About this task:
Quote word for word the lines starting at the line with "Studio Picholine Rez" and ending at the final line of the entries. Leave out any pictures.

Materials provided:
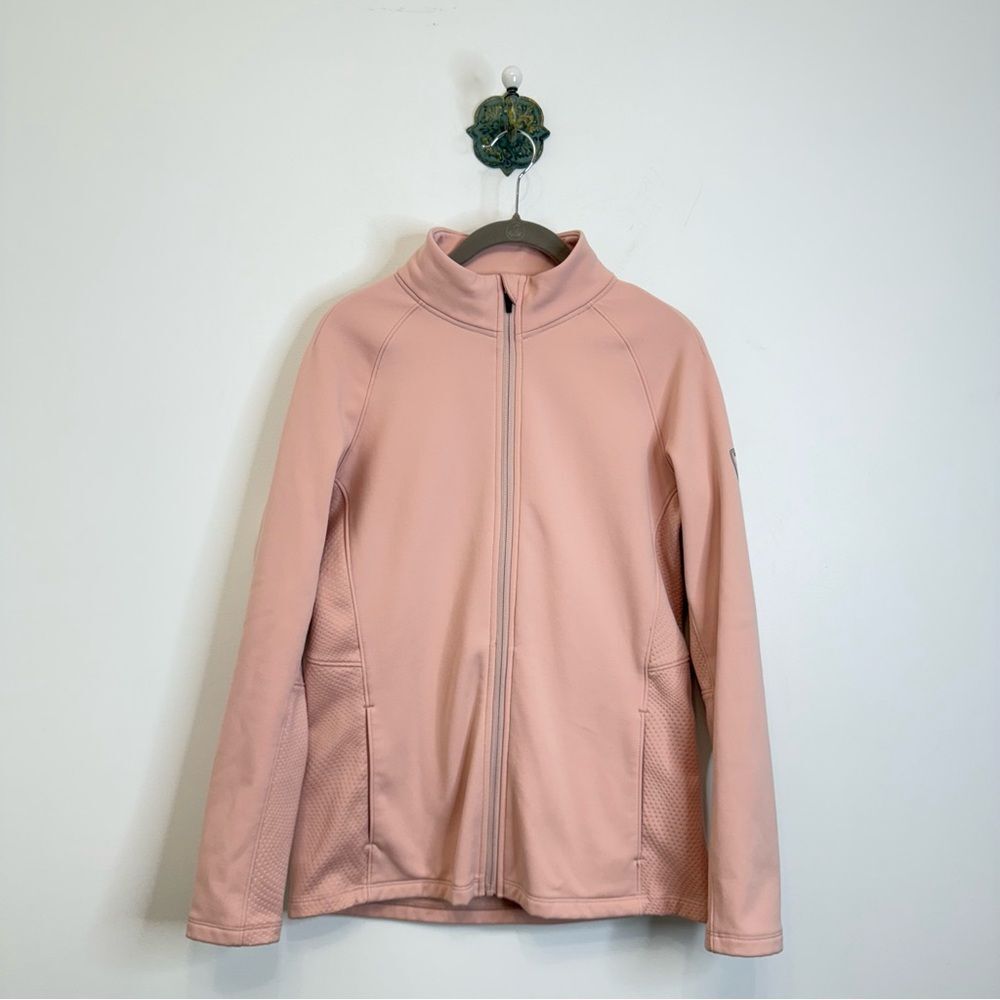 Rossignol Jacket Classique Clim Ski Mid Layer Powder Pink Full Zip Women’s Large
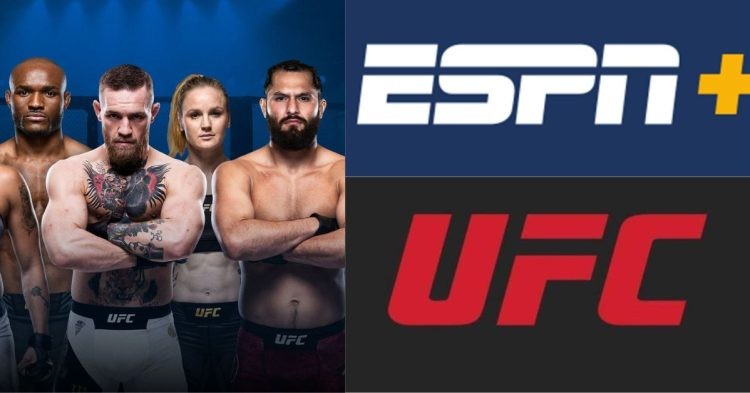 ESPN + and UFC fighters poster
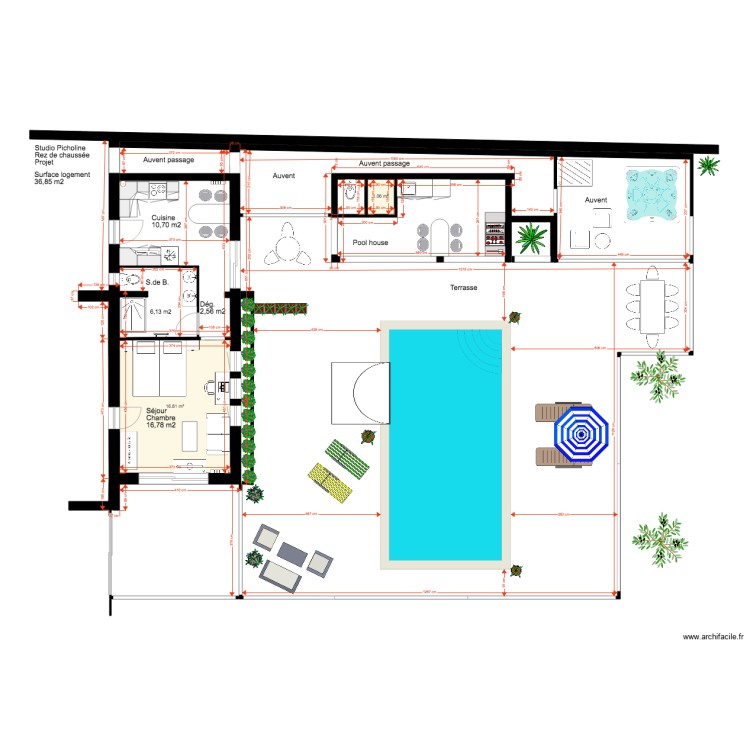 Studio Picholine Rez de chauss&eacute;e 3. Plan de 0 pièce et 0 m2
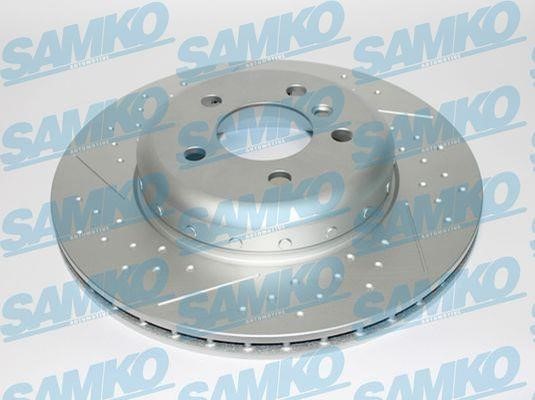 Samko B2102VBR Тормозной диск задний вентилируемый B2102VBR: Отличная цена - Купить в Польше на 2407.PL!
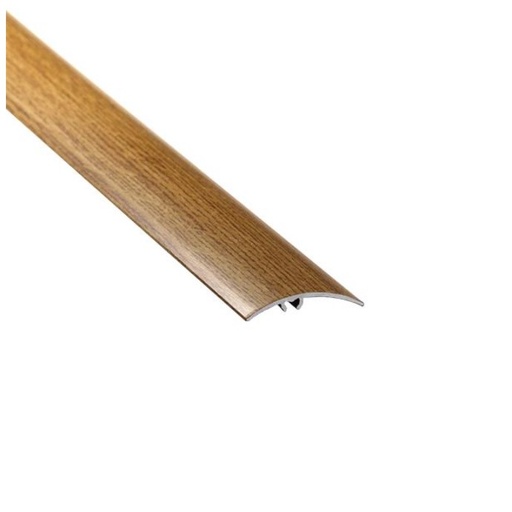 [18472] (9252127) Profil AL prechodový 50 mm, fólia Dub zlatý 21, 2,7 m, narážací oblý, LW50 Cezar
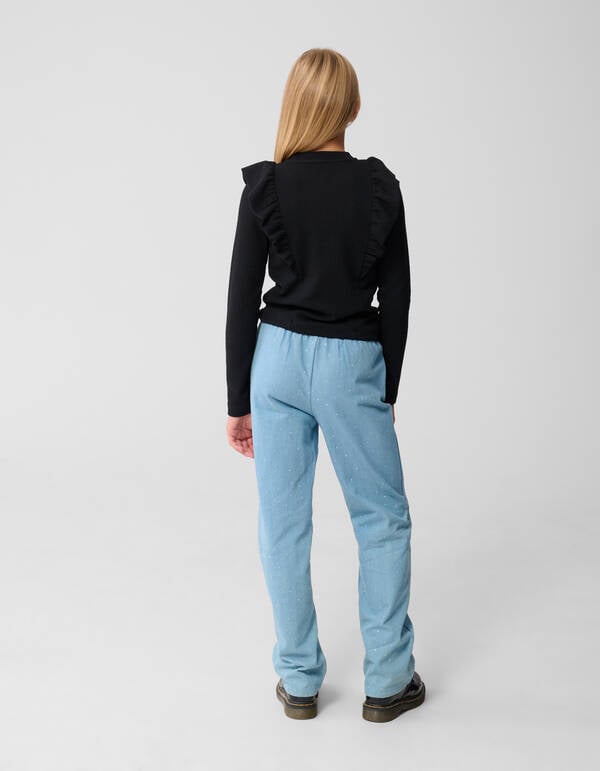 Structuur Ruffle Top Zwart SHOEBY GIRLS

Finished exercise:
 Studio Picholine Rez de chauss&eacute;e 3. Plan de 0 pièce et 0 m2
 Samko B2102VBR Тормозной диск задний вентилируемый B2102VBR: Отличная цена - Купить в Польше на 2407.PL!
 [18472] (9252127) Profil AL prechodový 50 mm, fólia Dub zlatý 21, 2,7 m, narážací oblý, LW50 Cezar
 Structuur Ruffle Top Zwart SHOEBY GIRLS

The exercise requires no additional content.